Work to be completed = The records follow. Transcribe only the lines from the line containing "Daisy Pattern Print" through the end, both ends included, and leave out the pictures.

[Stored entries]
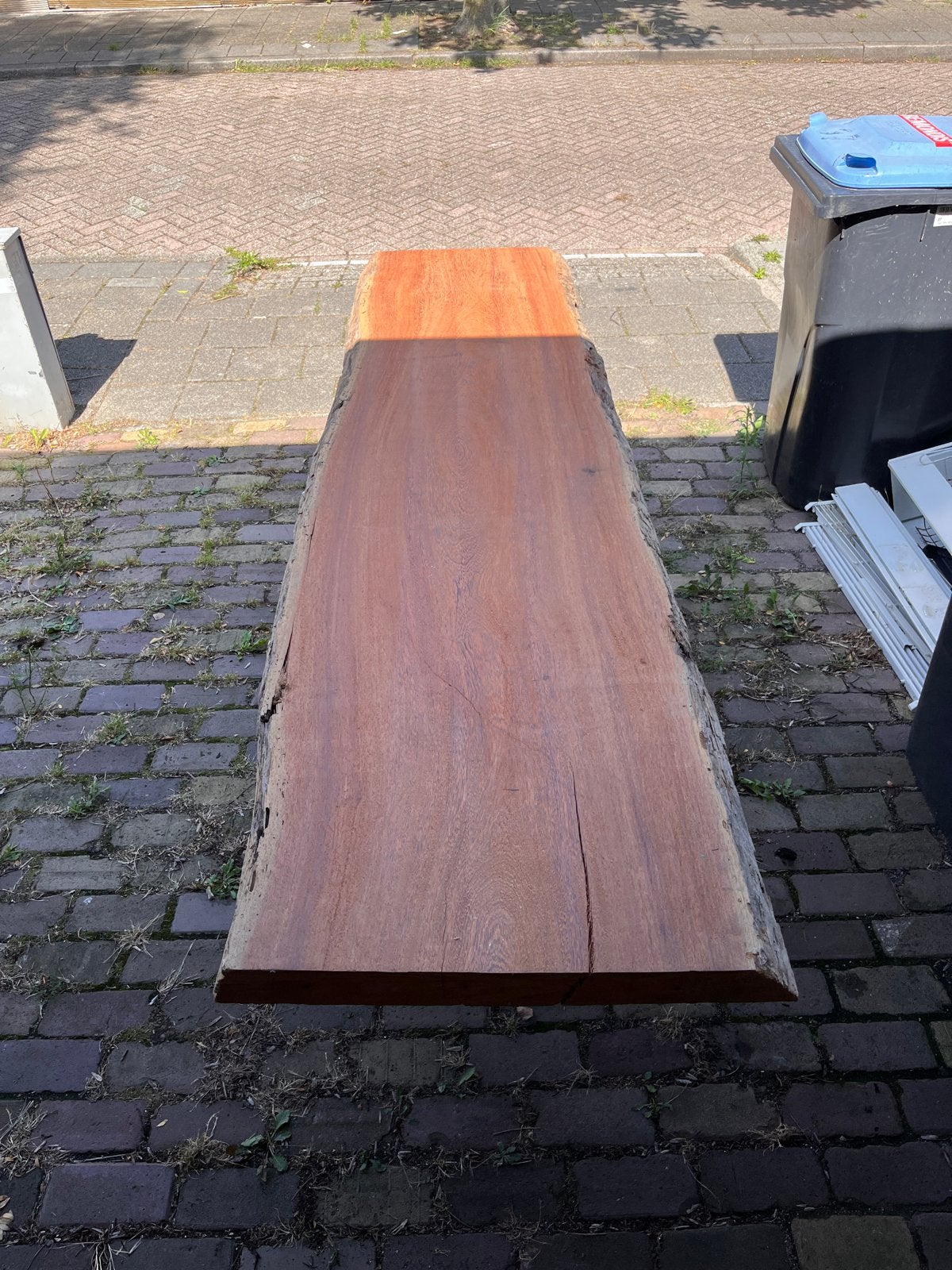 Hardhouten boomstamblad 262x70x7cm, Ophalen, Gebruikt, 200 cm of meer, 50 tot 100 cm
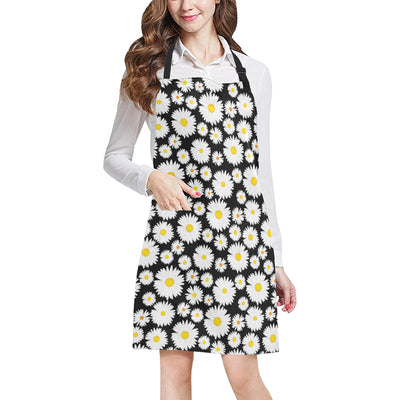 Daisy Pattern Print Design 01 Apron with Pocket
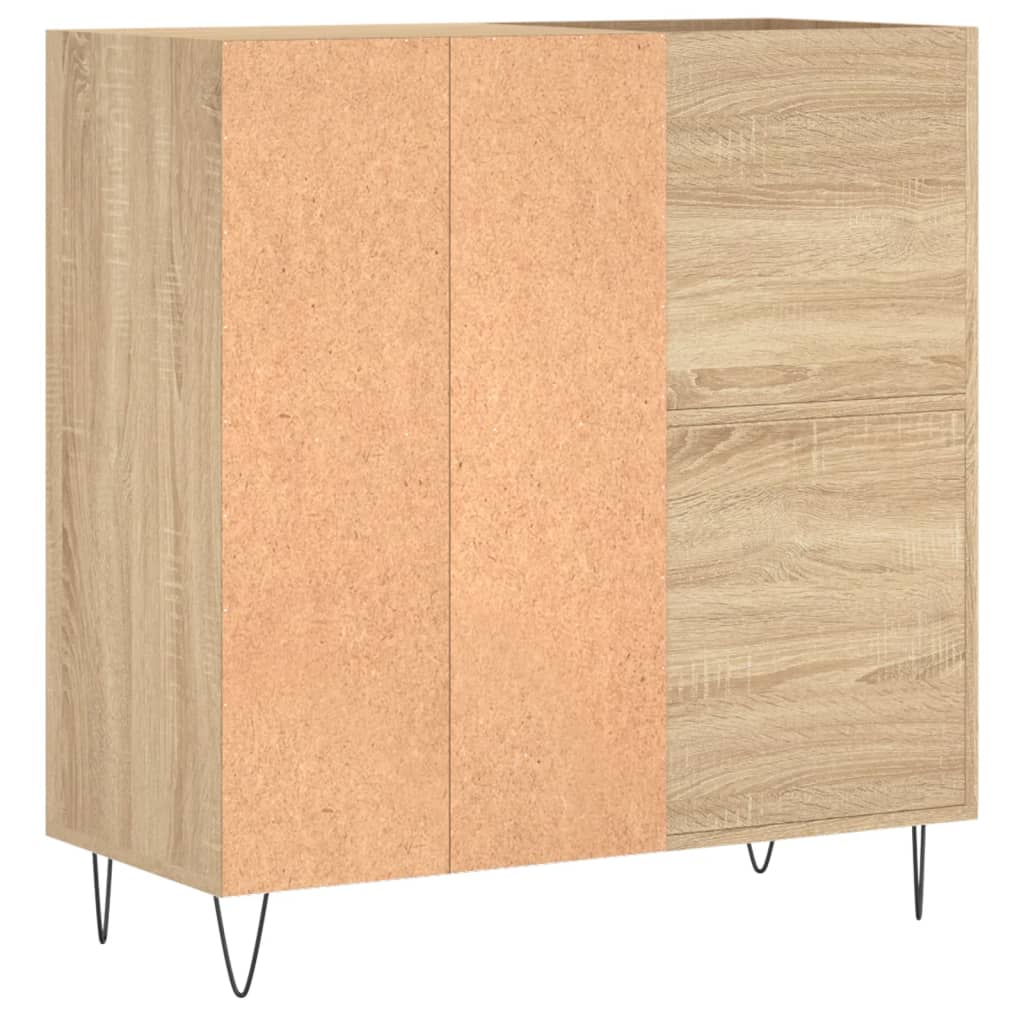 vidaXL Mueble discos madera contrachapada roble Sonoma 84,5x38x89 cm - Image 6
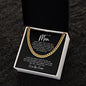 Cuban Chain Necklace To My Man - When I Simply Say I Love You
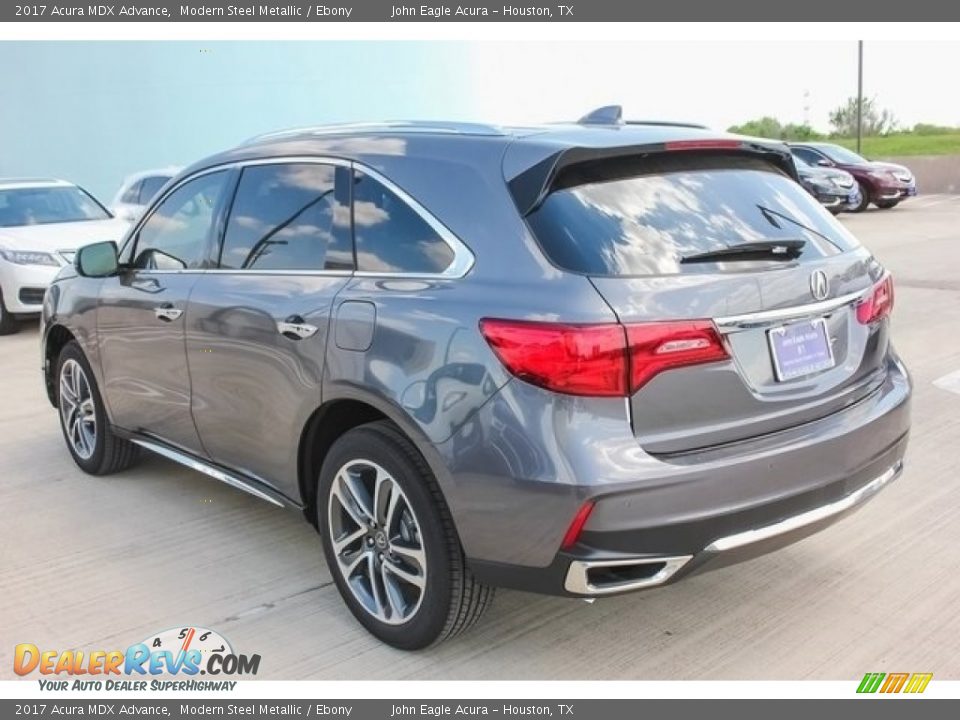 2017 Acura MDX Advance Modern Steel Metallic / Ebony Photo #5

Answer to the exercise =
 Daisy Pattern Print Design 01 Apron with Pocket
 vidaXL Mueble discos madera contrachapada roble Sonoma 84,5x38x89 cm - Image 6
 Cuban Chain Necklace To My Man - When I Simply Say I Love You
 2017 Acura MDX Advance Modern Steel Metallic / Ebony Photo #5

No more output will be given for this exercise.